Pediatric hospitalization rates were four times higher in states such as Mississippi, Louisiana, North Dakota and Georgia, which have some of the nation’s lowest vaccination rates, than they were in states such as Vermont, Massachusetts, Hawaii and Connecticut, where vaccination rates are among the highest.
Both were published in the CDC’s Morbidity & Mortality Weekly Report.
Released as children are returning to schools, the new research underscores that the surges of COVID-19 illness that have accompanied the Delta variant’s ascendancy have sent growing numbers of children to the hospital as well.
Once admitted, roughly 1 in 4 pediatric COVID-19 patients will go on to be treated in an intensive care unit.
With vaccines authorized for emergency use in adolescents ages 12 and up, not all kids have had to rely on the adults around them for protection.
During a six-week stretch of June and July, fully vaccinated adolescents older than 12 were 10 times less likely to be admitted to a hospital with COVID-19 than were their unvaccinated peers.
In a period when the Delta variant predominated, the CDC concluded, “vaccines were highly effective at preventing serious COVID-19 illness in this age group.”
But younger kids remained at the mercy of decisions made by grown-ups in their communities.
“These data show that community-level vaccination coverage protects children,” stated Dr. Rochelle Walensky director at the CDC. “As the number of COVID-19 cases increases in the community, the number of children presenting to the emergency room and being admitted to the hospital will also increase.”
The authors of the new reports emphasized that for those too young to be immunized themselves, making sure that teachers are vaccinated and implementing other measures to prevent transmission of the virus will be “critical.” That includes universal mask-wearing in schools, vaccination of kids 12 and older, and the use of face coverings among toddlers older than 2 in day-care centers. One positive conclusion emerged from Friday’s two reports: While the Delta variant has caused new outbreaks of illness, death, and infections in children, it appears to not be making them sicker than other coronavirus variants.
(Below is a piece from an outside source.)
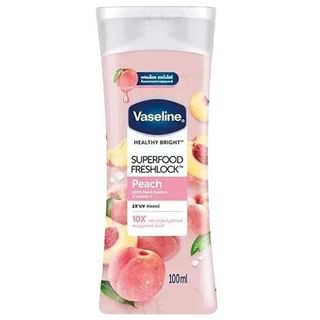 Vaseline - Healthy Bright Superfood Freshlock 100% Peach Essence & Vitamin E Body Lotion 100ml 100ml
In the three-month period from mid-June, when the Delta variant was still not the predominant strain in the United States, the proportion of children admitted to hospital who needed intensive care was about the same as in the six weeks that followed (when Delta was the dominant strain).
” There was no increase in disease severity among children,” Walensky stated. “Instead, more children have COVID-19, because there is more disease in the community.”